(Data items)
□ □ □

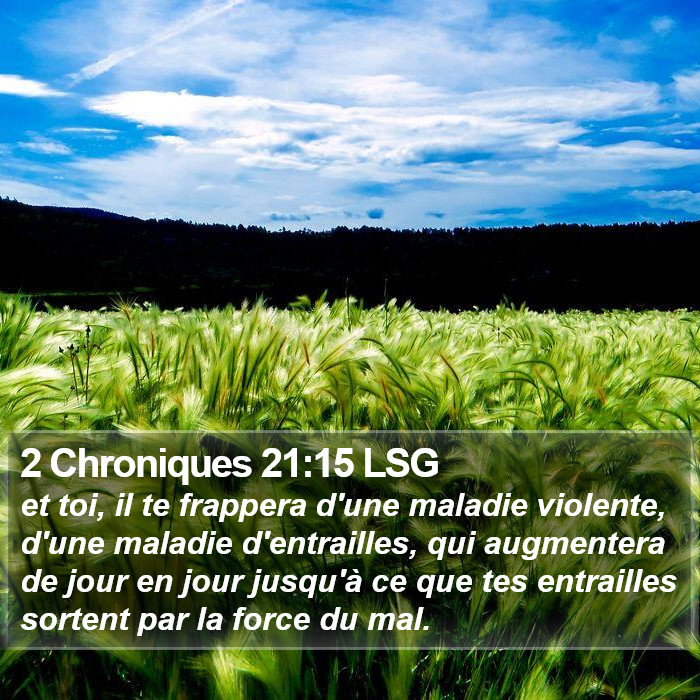 2 Chroniques 21:15 LSG Bible Study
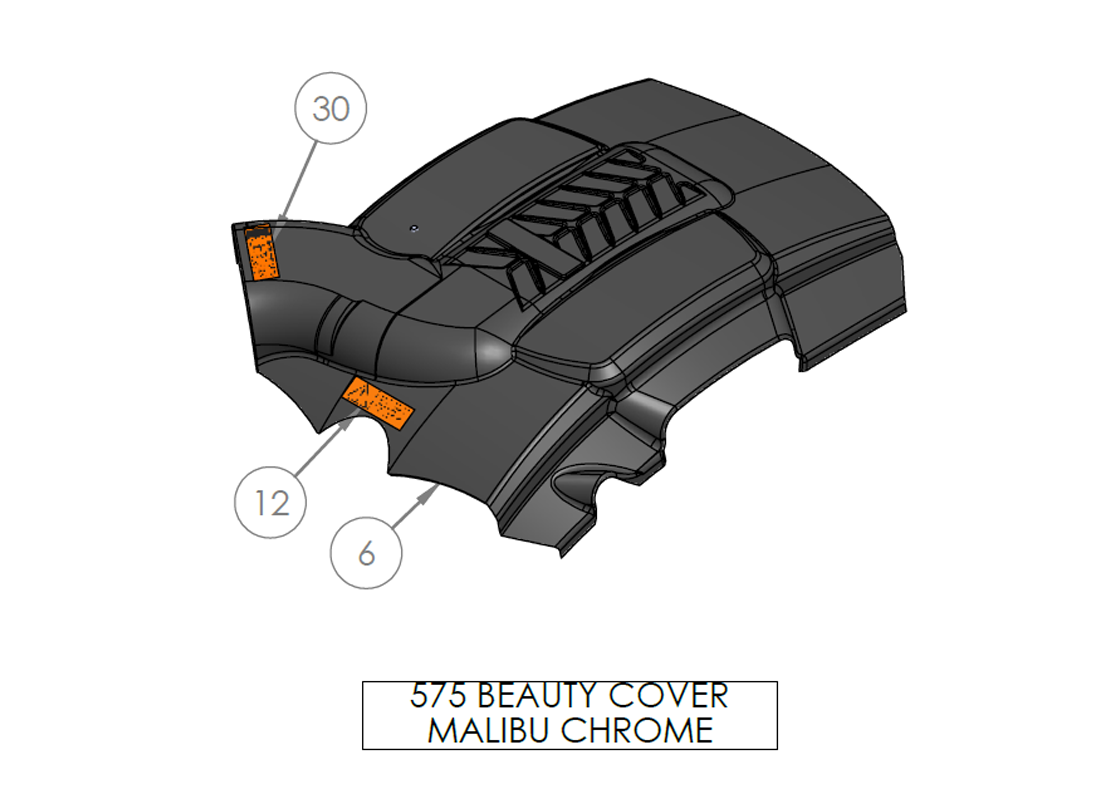 575 BEAUTY COVER MALIBU CHROME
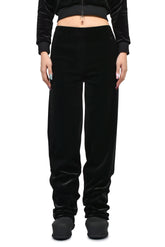 PUSH-UP VELVET PANTS / BLK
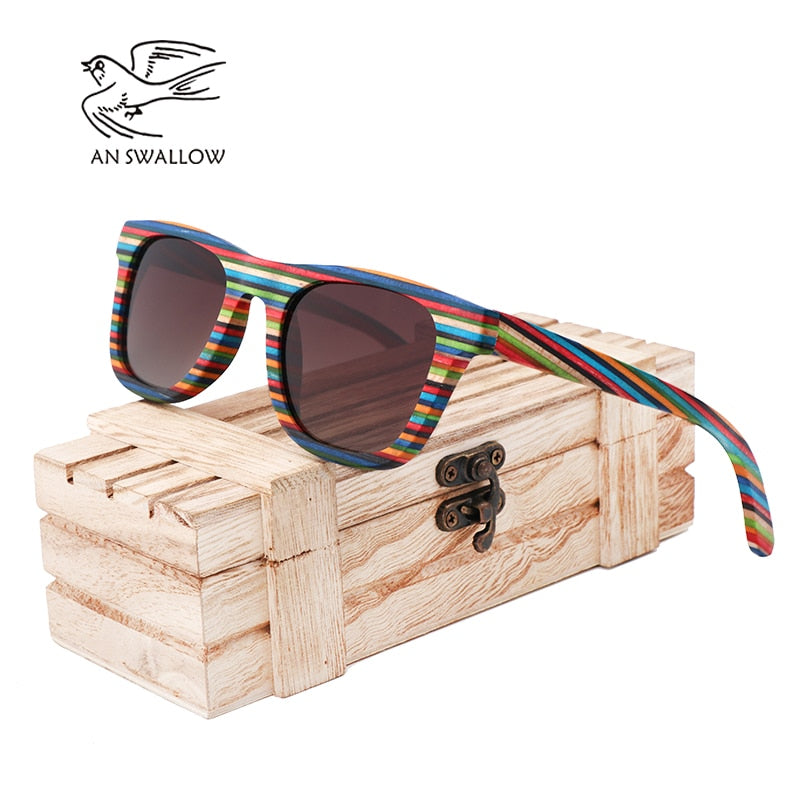 Skateboard Wooden Sunglasses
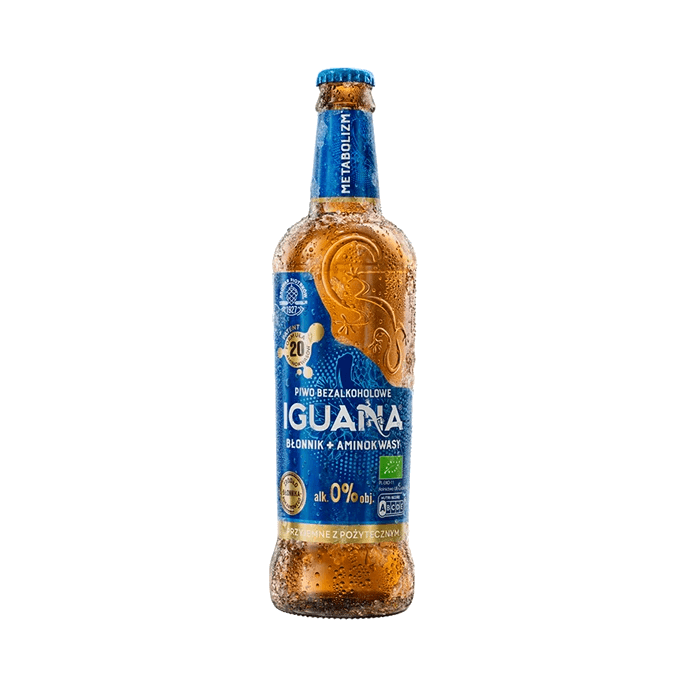 IGUANA METABOLIZM BIO PIWO 0%  475ML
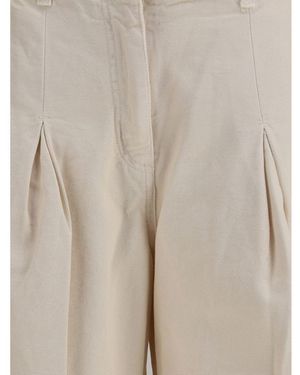 Pinko Cotton Shorts - Natural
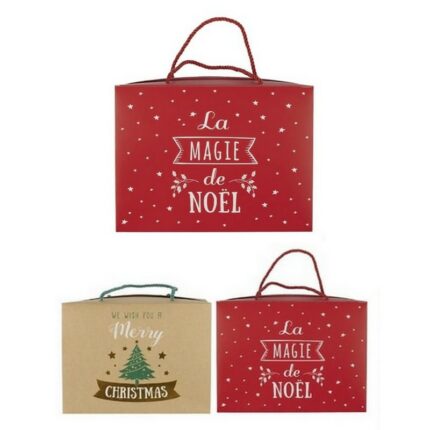 Pack de 6 (soit 0,77€ unité) Boîtes Cadeau de Noël pliables
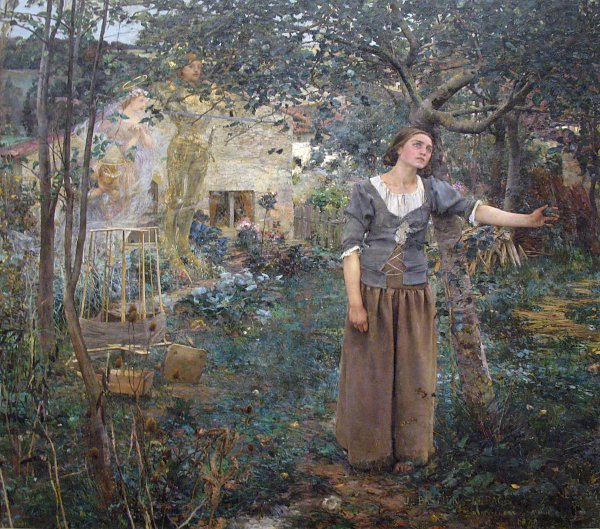 Jules Bastien Lepage Johanna von Orleans anagoria Wandbild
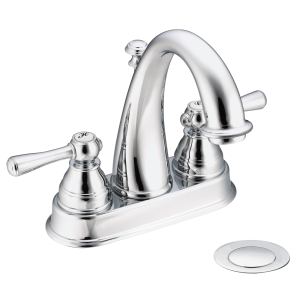 Kingsley Two-Handle High Arc Bathroom Faucet
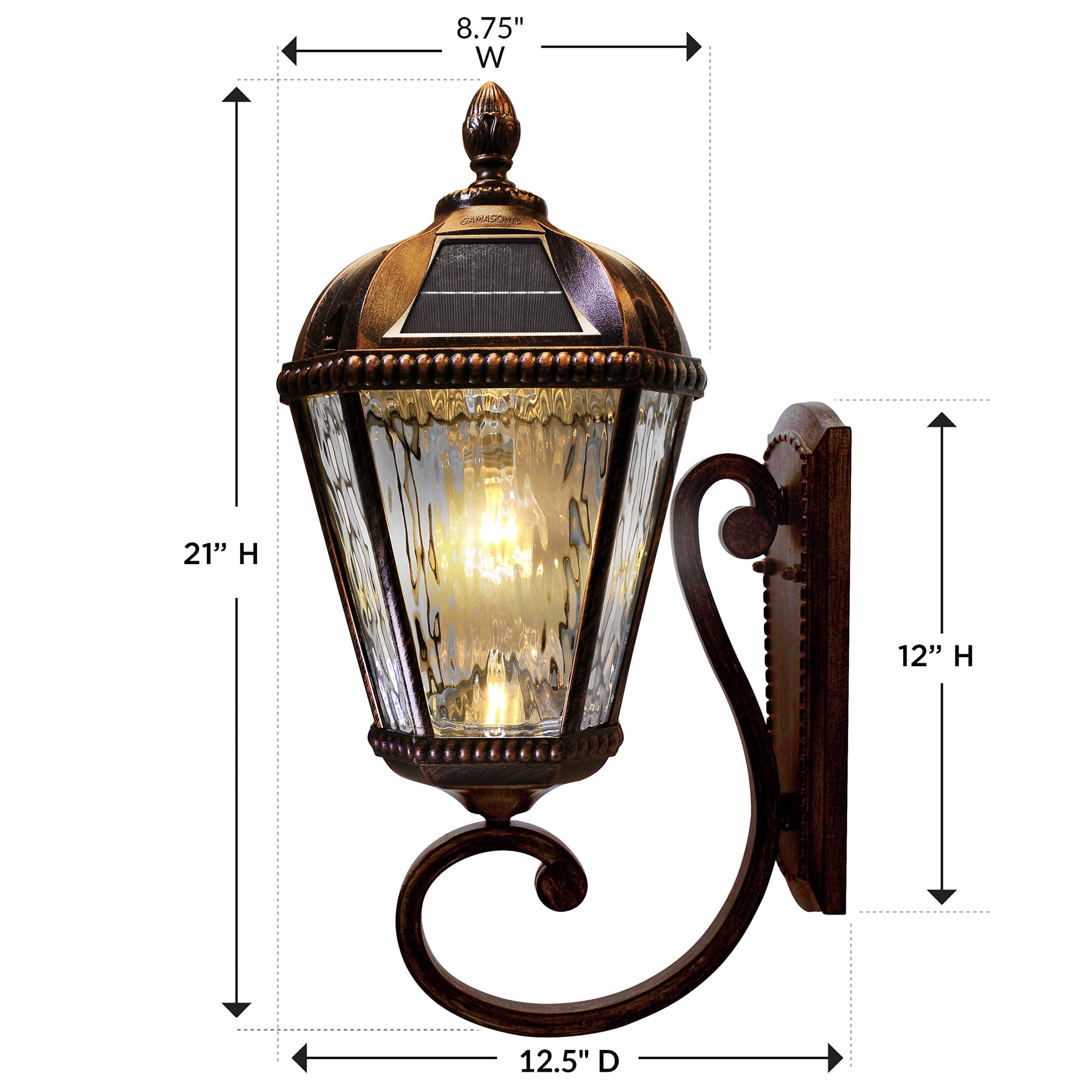 Gama Sonic GS-98B-W-BB Outdoor-Wall-Lighting - View #6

□ □ □

**WORK INSTRUCTION:** Leave out the pictures, and please output only the lines from the line that contains "575 BEAUTY COVER MALIBU CHROME" through the end of the data, both ends included.

**SOLVED PROBLEM:**
 575 BEAUTY COVER MALIBU CHROME
 PUSH-UP VELVET PANTS / BLK
 Skateboard Wooden Sunglasses
 IGUANA METABOLIZM BIO PIWO 0%  475ML
 Pinko Cotton Shorts - Natural
 Pack de 6 (soit 0,77€ unité) Boîtes Cadeau de Noël pliables
 Jules Bastien Lepage Johanna von Orleans anagoria Wandbild
 Kingsley Two-Handle High Arc Bathroom Faucet
 Gama Sonic GS-98B-W-BB Outdoor-Wall-Lighting - View #6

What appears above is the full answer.